==== Provided material ====

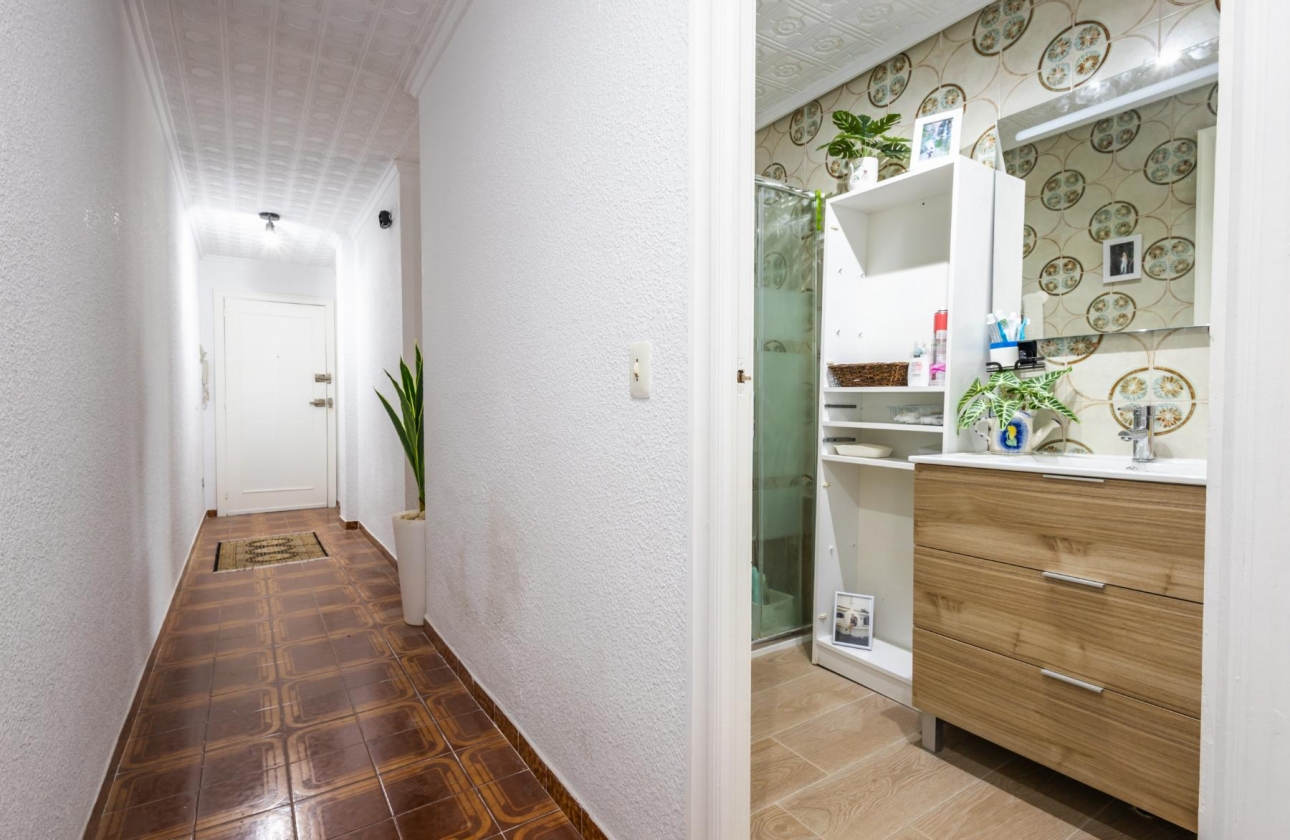 Resale - Apartment - Torrevieja - Playa del Acequión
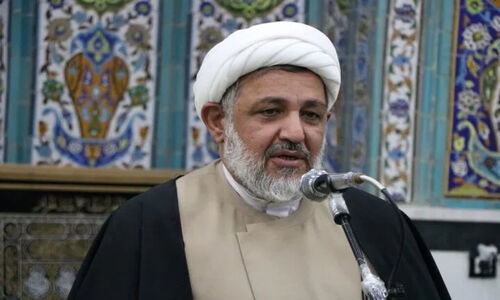 امام جمعه موقت ایلام: فشار سنگین گرانی‌ها نفس مردم را تنگ کرده است!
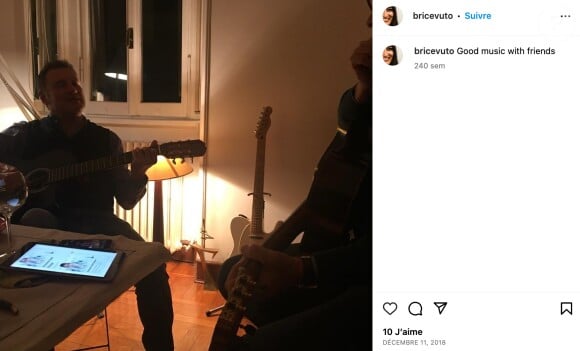 L'année de leur mariage, Barbara Ricevuto a relayé une photo de son homme très inspiré, la guitare à la main sur ses réseaux sociaux.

====

→ Aim of the task
Line by line, restate the data above exactly as it stands, minus the pictures.

→ Solution for this problem
 Resale - Apartment - Torrevieja - Playa del Acequión
 امام جمعه موقت ایلام: فشار سنگین گرانی‌ها نفس مردم را تنگ کرده است!
 L'année de leur mariage, Barbara Ricevuto a relayé une photo de son homme très inspiré, la guitare à la main sur ses réseaux sociaux.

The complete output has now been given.